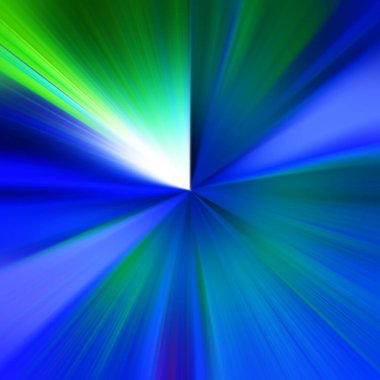 Soyut renkli bulanık arkaplan, hareket kavramı 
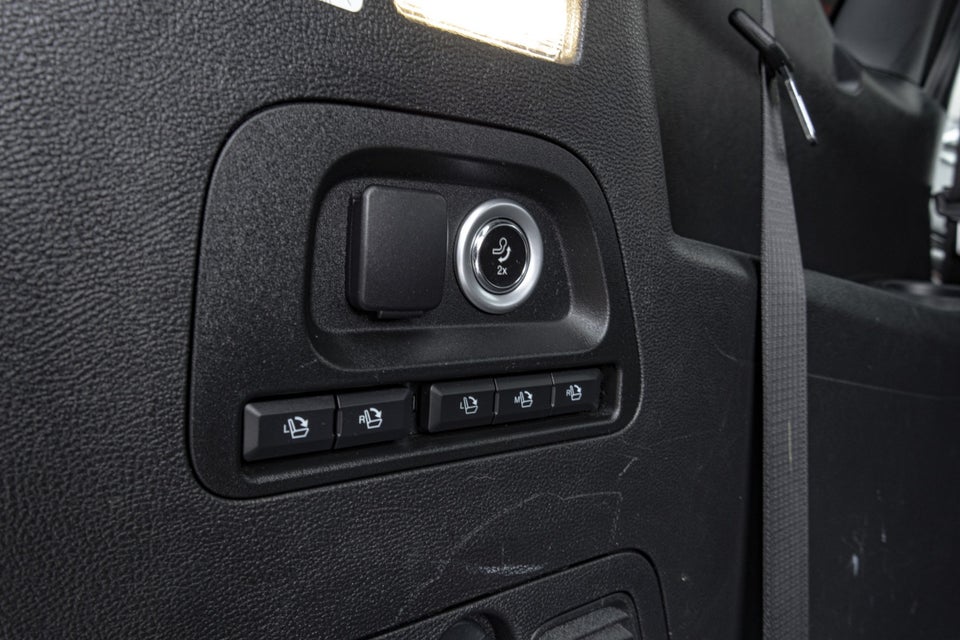 Ford S-MAX 2,0 EcoBlue ST-Line aut. 7prs 5d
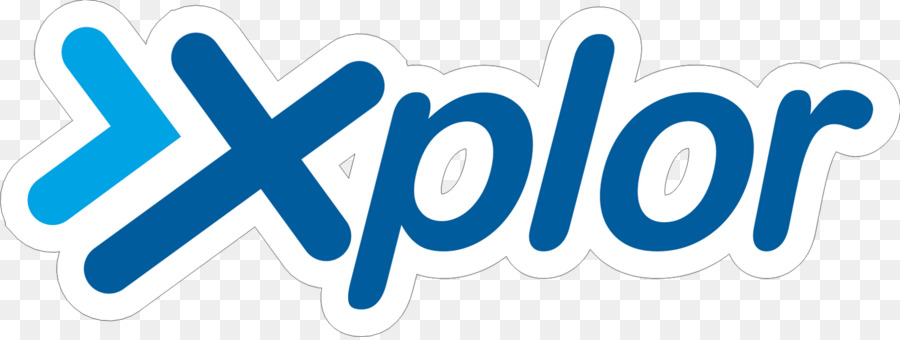 Xplor Logo，Marca PNG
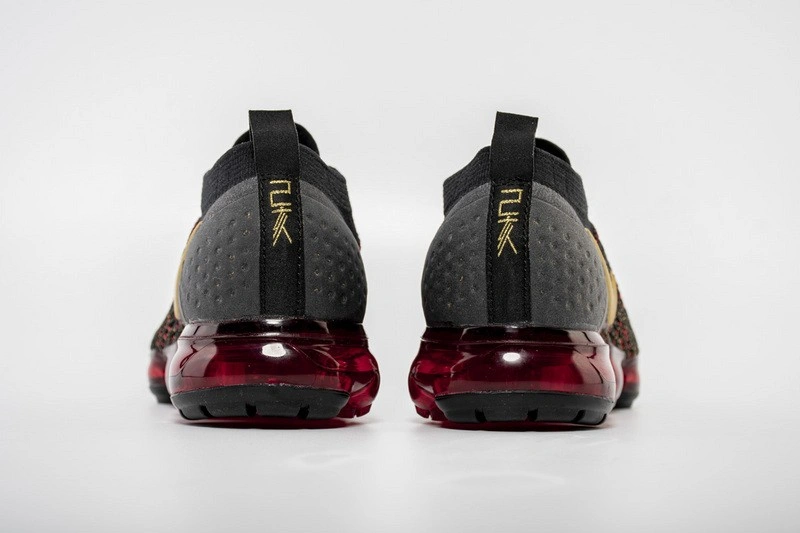Nike Air VaporMax flyknit 2.0 Chinese New Year BQ7036-001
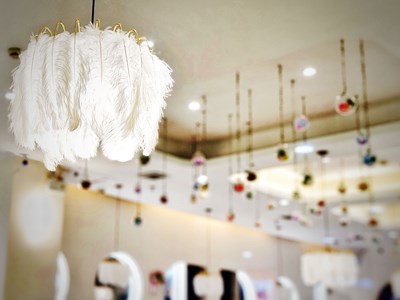 【場景小拍】+星星點點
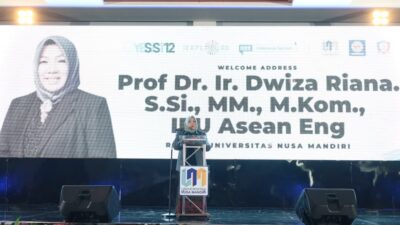 prof dwiza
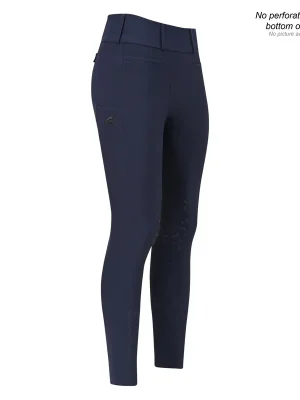 Aktuell euro star damen reitlegging esenforce winter fullgrip winter 2025 42 night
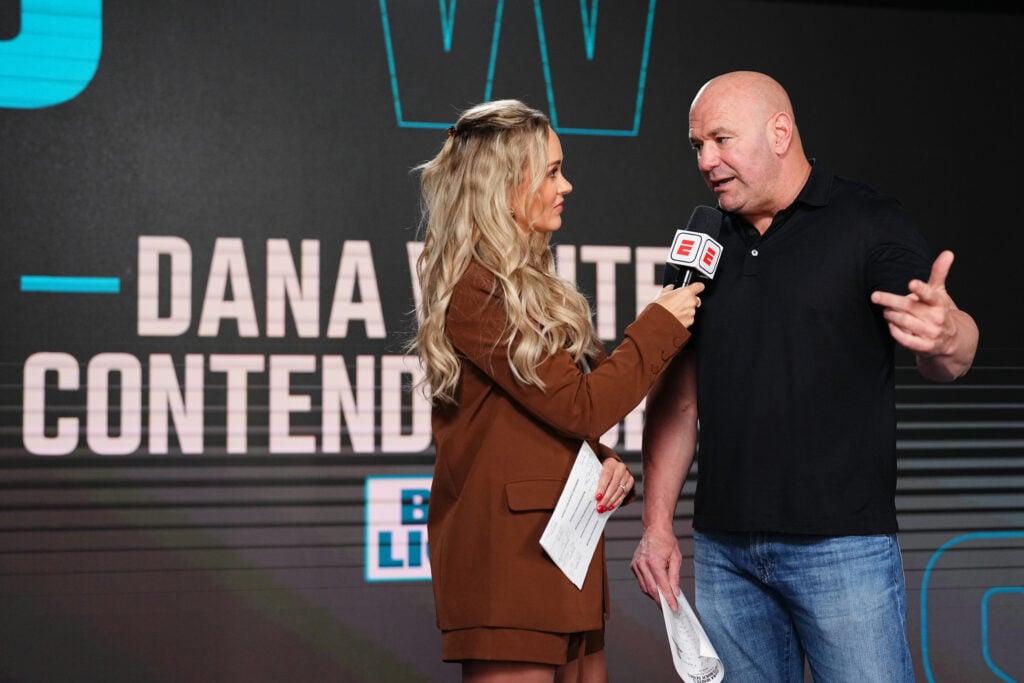 Dana White's Contender Series – Season 9, Week 8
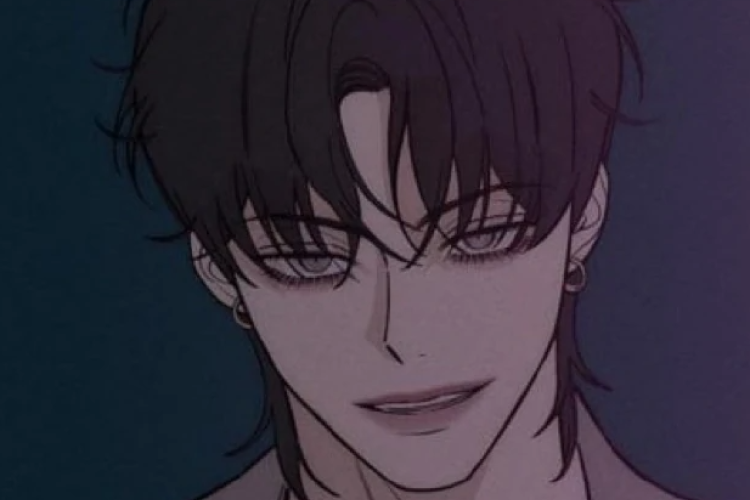 Manhwa Lágrimas entre Flores Marchitas (Tears on a Withered Flower) Capítulo 62 Español, Taehee: Ella existe para mi hermanito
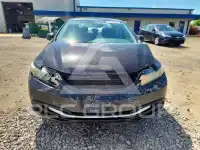 2013 Honda CIVIC photo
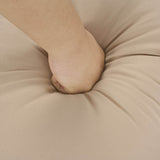 Diamond Weave Outdoor Sectional Furniture Set With Cushions - Omega Lifestyles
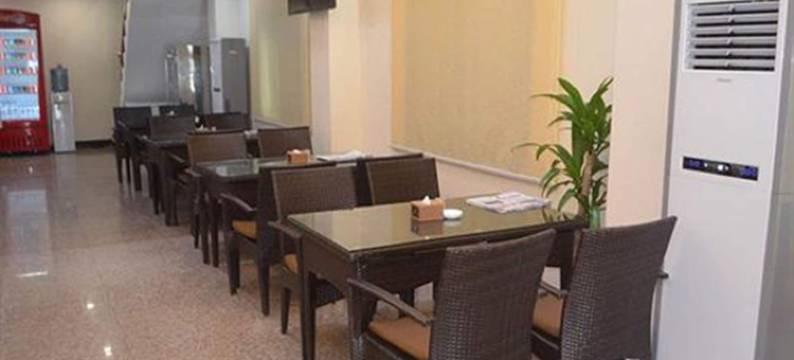 旭日酒店(Good Luck Hotel)图片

┄┄┄┄┄┄┄┄┄┄

Your reply must hold only the lines from the line containing "Xplor Logo，Marca PNG" through the end of the records above, written out exactly, both ends included, with no pictures, please.

 Xplor Logo，Marca PNG
Nike Air VaporMax flyknit 2.0 Chinese New Year BQ7036-001
 【場景小拍】+星星點點
 prof dwiza
 Aktuell euro star damen reitlegging esenforce winter fullgrip winter 2025 42 night
 Dana White's Contender Series – Season 9, Week 8
 Manhwa Lágrimas entre Flores Marchitas (Tears on a Withered Flower) Capítulo 62 Español, Taehee: Ella existe para mi hermanito
 2013 Honda CIVIC photo
 Diamond Weave Outdoor Sectional Furniture Set With Cushions - Omega Lifestyles
 旭日酒店(Good Luck Hotel)图片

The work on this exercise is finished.